At AWS re:Invent 2023 in Las Vegas, the next generation of two AWS-designed chip families, AWS Graviton4 and AWS Trainium2, has been announced. These chips would offer improvements in price performance and energy efficiency for a variety of customer workloads, including generative artificial intelligence (AI) and machine learning (ML) training.
With each successive generation of chip, AWS intends to deliver better price performance and energy efficiency. AWS would now provide its customers with more options – in addition to chip/instance combinations featuring the newest chips from third parties like AMD, Intel, and NVIDIA – to run almost any application or workload on Amazon Elastic Compute Cloud (Amazon EC2).
Compared to current generation Graviton3 processors, Graviton4 would offer “up to 30% greater compute performance, 50% more cores, and 75% more memory bandwidth.” Graviton4 would also offer a good pricing performance and energy efficiency for a wide variety of applications operating on Amazon EC2.

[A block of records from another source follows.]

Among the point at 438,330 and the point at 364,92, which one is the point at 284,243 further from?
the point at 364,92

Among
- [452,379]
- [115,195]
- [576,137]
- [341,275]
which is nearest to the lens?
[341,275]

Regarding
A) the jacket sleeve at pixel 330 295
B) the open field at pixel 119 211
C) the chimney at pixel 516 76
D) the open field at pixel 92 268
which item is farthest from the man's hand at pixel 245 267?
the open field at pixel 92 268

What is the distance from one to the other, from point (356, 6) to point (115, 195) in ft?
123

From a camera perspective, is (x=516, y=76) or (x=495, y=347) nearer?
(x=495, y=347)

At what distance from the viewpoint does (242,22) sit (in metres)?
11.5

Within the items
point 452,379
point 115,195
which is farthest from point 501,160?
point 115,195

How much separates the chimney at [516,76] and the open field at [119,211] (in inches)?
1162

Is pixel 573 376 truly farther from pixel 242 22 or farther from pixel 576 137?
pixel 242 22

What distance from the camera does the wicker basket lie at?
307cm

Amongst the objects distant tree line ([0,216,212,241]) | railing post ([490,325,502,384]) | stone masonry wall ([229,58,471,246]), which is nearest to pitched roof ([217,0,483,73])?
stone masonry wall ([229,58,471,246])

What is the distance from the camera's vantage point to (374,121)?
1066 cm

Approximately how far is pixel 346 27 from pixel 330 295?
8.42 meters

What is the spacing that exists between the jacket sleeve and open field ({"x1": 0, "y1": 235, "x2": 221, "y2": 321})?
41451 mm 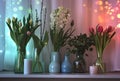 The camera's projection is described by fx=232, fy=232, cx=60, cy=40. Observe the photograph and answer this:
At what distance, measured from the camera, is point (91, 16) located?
6.50ft

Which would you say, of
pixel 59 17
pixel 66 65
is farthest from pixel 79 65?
pixel 59 17

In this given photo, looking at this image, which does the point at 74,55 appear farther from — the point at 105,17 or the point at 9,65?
the point at 9,65

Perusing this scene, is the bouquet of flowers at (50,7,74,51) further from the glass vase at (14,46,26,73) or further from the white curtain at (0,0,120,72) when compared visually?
the glass vase at (14,46,26,73)

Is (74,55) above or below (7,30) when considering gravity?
below

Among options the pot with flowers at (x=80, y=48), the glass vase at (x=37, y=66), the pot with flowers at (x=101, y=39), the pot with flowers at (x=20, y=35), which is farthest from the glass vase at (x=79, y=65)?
the pot with flowers at (x=20, y=35)

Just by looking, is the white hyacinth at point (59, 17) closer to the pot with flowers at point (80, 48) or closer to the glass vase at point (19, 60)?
the pot with flowers at point (80, 48)

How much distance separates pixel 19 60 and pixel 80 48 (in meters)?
0.49

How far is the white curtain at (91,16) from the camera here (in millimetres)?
1928

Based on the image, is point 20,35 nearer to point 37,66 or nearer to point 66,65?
point 37,66

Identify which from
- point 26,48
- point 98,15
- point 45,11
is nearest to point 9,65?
point 26,48

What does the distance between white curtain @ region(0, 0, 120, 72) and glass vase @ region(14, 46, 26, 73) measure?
12cm

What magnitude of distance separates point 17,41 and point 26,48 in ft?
0.42

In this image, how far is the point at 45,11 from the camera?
1967mm

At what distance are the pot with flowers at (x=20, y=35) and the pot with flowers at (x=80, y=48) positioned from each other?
1.13ft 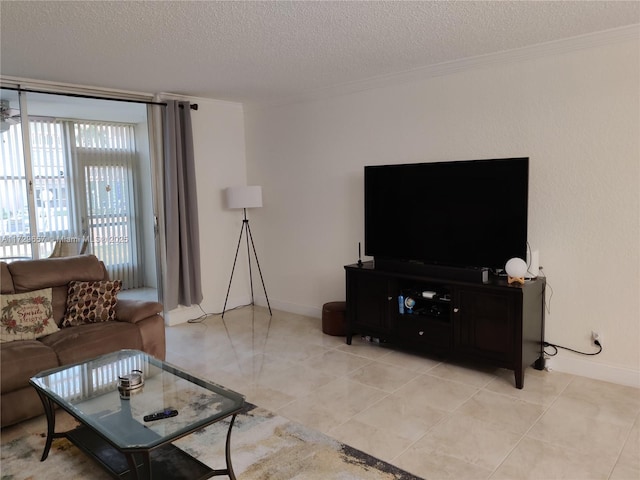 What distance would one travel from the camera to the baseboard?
334cm

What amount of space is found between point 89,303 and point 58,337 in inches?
15.4

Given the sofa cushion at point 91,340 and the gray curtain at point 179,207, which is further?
the gray curtain at point 179,207

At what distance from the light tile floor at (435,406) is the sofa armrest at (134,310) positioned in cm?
59

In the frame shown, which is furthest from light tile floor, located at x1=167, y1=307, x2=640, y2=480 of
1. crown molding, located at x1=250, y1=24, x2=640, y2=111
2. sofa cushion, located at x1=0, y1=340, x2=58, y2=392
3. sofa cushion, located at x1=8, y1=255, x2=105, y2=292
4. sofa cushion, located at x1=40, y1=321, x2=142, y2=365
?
crown molding, located at x1=250, y1=24, x2=640, y2=111

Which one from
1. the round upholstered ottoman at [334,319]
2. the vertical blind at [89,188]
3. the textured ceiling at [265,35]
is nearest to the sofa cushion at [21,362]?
the textured ceiling at [265,35]

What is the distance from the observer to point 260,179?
5742 millimetres

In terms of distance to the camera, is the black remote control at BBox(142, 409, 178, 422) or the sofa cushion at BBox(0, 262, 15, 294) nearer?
the black remote control at BBox(142, 409, 178, 422)

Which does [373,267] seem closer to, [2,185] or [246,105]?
[246,105]

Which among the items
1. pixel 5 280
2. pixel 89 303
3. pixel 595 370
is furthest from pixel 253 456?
pixel 595 370

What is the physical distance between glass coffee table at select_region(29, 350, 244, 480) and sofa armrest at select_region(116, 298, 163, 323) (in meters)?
0.81

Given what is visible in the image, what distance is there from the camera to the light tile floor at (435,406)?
8.18ft

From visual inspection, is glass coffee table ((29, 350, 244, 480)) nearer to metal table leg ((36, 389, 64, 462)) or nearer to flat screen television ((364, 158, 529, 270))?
metal table leg ((36, 389, 64, 462))

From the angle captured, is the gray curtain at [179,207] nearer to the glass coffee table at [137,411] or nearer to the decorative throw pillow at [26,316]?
the decorative throw pillow at [26,316]

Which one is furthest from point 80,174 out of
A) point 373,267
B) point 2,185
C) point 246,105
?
point 373,267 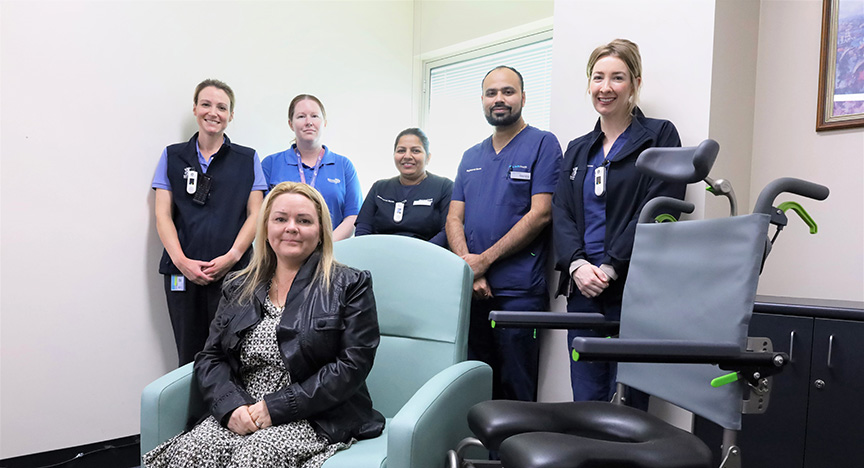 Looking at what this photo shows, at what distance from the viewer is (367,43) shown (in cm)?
402

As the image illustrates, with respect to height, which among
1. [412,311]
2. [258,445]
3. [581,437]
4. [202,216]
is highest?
[202,216]

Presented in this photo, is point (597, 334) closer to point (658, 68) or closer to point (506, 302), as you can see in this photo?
point (506, 302)

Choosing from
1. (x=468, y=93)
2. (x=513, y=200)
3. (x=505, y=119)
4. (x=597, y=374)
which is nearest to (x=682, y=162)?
(x=597, y=374)

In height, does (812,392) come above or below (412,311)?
below

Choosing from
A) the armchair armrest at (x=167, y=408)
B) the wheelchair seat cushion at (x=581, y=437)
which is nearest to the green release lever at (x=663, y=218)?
the wheelchair seat cushion at (x=581, y=437)

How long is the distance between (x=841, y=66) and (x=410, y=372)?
196 cm

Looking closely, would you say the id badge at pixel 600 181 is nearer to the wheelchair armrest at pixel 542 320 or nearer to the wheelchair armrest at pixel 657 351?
the wheelchair armrest at pixel 542 320

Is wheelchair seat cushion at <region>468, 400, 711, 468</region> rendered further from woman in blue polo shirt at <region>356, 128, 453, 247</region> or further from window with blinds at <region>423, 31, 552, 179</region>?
window with blinds at <region>423, 31, 552, 179</region>

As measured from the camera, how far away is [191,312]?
2.84 m

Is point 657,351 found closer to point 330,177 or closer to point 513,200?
point 513,200

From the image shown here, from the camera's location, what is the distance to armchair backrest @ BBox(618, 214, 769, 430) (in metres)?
1.21

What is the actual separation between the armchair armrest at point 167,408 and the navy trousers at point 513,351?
114cm

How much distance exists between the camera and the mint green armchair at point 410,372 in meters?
1.39

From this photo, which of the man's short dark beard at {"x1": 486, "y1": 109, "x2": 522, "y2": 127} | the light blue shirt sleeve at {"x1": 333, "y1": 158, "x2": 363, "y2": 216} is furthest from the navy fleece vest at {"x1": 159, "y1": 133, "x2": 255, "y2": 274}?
the man's short dark beard at {"x1": 486, "y1": 109, "x2": 522, "y2": 127}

Large language models (LLMs) and foundation models (FMs) can be trained in a fraction of the time while increasing energy efficiency by up to two times thanks to Trainium2, which can be deployed in EC2 UltraClusters of up to 100,000 chips and is intended to deliver training at a rate of up to four times faster than first generation Trainium chips.
As every client task is based on silicon, David Brown, Vice President of Compute and Networking at AWS, said that silicon is a crucial area for innovation in the company. “We are able to provide our clients with the most cutting-edge cloud infrastructure by concentrating our chip designs on actual workloads that matter to them. In only five years, we have produced four generations of chips, and Graviton4 is the most potent and energy-efficient model we have ever created for a wide variety of workloads. Additionally, Tranium2 will assist clients in training their machine learning models more quickly, more affordably, and more energy-efficiently in light of the growing interest in generative AI.”
SAP HANA Cloud
More than 50,000 customers – including the top 100 EC2 customers – would use Graviton-based instances for their applications. AWS has built more than 2 million Graviton processors and offers more than 150 different Graviton-powered Amazon EC2 instance types globally at scale.
Graviton-based instances are used by customers such as Datadog, DirecTV, Discovery, Formula 1 (F1), NextRoll, Nielsen, Pinterest, SAP, Snowflake, Sprinklr, Stripe, and Zendesk to run a variety of workloads, including web servers, databases, analytics, batch processing, ad serving, application servers, and microservices. The advantages of Graviton are available to customers of several AWS managed services, such as Amazon Aurora, Amazon ElastiCache, Amazon EMR, Amazon MemoryDB, Amazon OpenSearch, Amazon Relational Database Service (Amazon RDS), AWS Fargate, and AWS Lambda.
SAP HANA Cloud, SAP’s cloud-native in-memory database, is the data management foundation of SAP Business Technology Platform (SAP BTP). “Customers rely on SAP HANA Cloud to run their mission-critical business processes and next-generation intelligent data applications in the cloud,” said Juergen Mueller, CTO and member of the Executive Board of SAP SE. “As part of the migration process of SAP HANA Cloud to AWS Graviton-based Amazon EC2 instances, we have already seen up to 35% better price performance for analytical workloads. In the coming months, we look forward to validating Graviton4, and the benefits it can bring to our joint customers.”
AWS Trainum2 Chips
The goal of Trainum2’s EC2 UltraClusters is to provide the best AI model training infrastructure available in the cloud in terms of both performance and energy efficiency.
Large datasets are used to train the FMs and LLMs that power the generative AI applications of today.
Customers may utilize these models to create a wide range of new content, including text, music, photos, video, and even software code. With parameters ranging from hundreds of billions to trillions, today’s most sophisticated FMs and LLMs would need reeliable, high-performance computational power that can expand over tens of thousands of ML chips. The widest selection of Amazon EC2 instances with ML chips is already offered by AWS, and it includes the newest NVIDIA GPUs, Trainium, and Inferentia2. Trainium’s characteristics would make it an ideal choice for customers training large-scale deep learning models. Examples of current clients using Trainium include Databricks, Helixon, Money Forward, and the Amazon Search team.
More than 10,000 organizations worldwide – including Comcast, Condé Nast, and over 50% of the Fortune 500 – rely on Databricks to unify their data, analytics, and AI. “Thousands of customers have implemented Databricks on AWS, giving them the ability to use MosaicML to pre-train, finetune, and serve FMs for a variety of use cases,” said Naveen Rao, Vice President of Generative AI at Databricks. “AWS Trainium gives us the scale and high performance needed to train our Mosaic MPT models, and at a low cost. As we train our next generation Mosaic MPT models, Trainium2 will make it possible to build models even faster, allowing us to provide our customers unprecedented scale and performance so they can bring their own generative AI applications to market more rapidly.”